Supplied data:
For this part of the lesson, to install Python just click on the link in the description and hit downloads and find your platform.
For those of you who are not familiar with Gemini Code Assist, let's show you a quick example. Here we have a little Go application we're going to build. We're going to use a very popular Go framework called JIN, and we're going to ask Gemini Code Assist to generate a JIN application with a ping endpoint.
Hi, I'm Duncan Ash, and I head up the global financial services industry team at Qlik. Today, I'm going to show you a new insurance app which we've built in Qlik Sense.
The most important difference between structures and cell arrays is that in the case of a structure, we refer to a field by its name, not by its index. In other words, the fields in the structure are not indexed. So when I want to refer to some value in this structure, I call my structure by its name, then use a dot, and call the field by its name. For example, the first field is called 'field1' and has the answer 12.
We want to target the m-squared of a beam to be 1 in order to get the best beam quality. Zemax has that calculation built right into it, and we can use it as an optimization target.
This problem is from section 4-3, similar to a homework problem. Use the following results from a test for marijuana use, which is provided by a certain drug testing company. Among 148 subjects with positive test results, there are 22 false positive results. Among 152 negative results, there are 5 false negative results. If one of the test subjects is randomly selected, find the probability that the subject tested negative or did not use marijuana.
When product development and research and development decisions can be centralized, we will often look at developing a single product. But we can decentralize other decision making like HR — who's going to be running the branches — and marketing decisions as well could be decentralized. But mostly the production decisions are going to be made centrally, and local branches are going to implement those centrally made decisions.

---

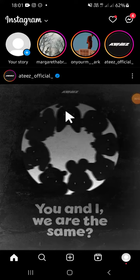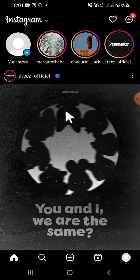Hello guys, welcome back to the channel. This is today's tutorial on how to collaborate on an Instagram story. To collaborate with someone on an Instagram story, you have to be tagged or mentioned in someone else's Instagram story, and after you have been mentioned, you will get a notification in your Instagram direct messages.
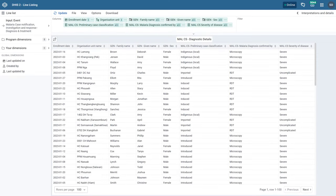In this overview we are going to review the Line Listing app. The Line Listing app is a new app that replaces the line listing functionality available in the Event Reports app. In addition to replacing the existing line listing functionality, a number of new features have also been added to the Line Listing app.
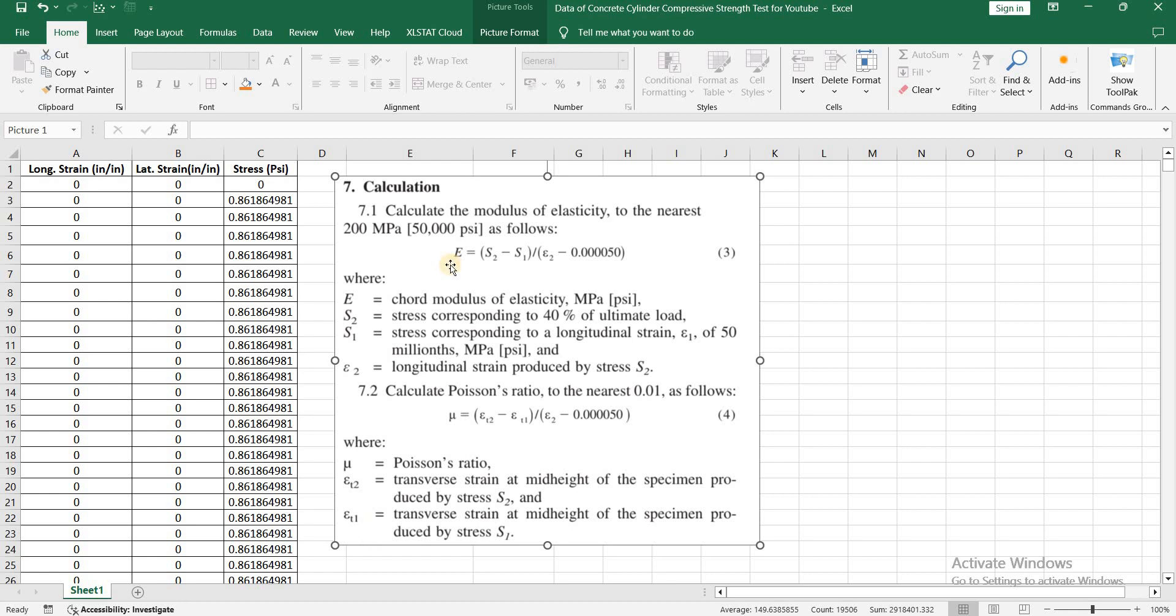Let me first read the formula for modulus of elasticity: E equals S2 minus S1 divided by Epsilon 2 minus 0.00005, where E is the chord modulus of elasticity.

...

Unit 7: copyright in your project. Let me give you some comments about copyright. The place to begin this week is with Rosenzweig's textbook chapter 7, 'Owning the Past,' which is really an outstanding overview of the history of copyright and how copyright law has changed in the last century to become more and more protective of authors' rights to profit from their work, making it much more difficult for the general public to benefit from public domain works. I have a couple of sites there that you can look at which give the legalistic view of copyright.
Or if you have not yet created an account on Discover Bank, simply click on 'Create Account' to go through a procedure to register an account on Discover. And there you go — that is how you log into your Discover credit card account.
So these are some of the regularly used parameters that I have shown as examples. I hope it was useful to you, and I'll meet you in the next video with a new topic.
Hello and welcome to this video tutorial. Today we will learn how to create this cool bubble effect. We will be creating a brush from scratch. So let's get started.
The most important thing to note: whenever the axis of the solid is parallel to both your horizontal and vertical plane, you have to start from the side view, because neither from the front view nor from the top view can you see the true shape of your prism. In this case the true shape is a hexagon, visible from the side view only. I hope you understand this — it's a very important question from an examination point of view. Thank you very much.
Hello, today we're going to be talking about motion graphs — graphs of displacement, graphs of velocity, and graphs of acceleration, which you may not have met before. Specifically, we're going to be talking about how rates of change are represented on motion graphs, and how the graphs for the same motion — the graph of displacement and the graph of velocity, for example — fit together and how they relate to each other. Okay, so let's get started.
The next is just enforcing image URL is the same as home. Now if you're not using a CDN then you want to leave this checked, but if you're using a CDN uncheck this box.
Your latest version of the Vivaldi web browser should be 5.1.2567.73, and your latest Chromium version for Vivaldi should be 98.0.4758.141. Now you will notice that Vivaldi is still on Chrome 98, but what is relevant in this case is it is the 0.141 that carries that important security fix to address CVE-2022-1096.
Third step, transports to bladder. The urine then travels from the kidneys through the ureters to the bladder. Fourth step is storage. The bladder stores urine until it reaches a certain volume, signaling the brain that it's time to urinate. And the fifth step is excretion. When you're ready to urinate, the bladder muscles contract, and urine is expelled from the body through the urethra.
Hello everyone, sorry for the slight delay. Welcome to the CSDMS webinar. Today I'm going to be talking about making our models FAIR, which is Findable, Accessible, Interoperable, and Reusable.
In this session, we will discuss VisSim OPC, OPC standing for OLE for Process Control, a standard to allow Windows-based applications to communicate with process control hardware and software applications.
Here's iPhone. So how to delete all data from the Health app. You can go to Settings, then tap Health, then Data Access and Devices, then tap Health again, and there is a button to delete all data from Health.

Exercise prompt:
In the listing above, locate the line with "This problem is" and the line with "When product development", then extract exactly those lines and every line between them, and nothing more.

Answer box:
This problem is from section 4-3, similar to a homework problem. Use the following results from a test for marijuana use, which is provided by a certain drug testing company. Among 148 subjects with positive test results, there are 22 false positive results. Among 152 negative results, there are 5 false negative results. If one of the test subjects is randomly selected, find the probability that the subject tested negative or did not use marijuana.
When product development and research and development decisions can be centralized, we will often look at developing a single product. But we can decentralize other decision making like HR — who's going to be running the branches — and marketing decisions as well could be decentralized. But mostly the production decisions are going to be made centrally, and local branches are going to implement those centrally made decisions.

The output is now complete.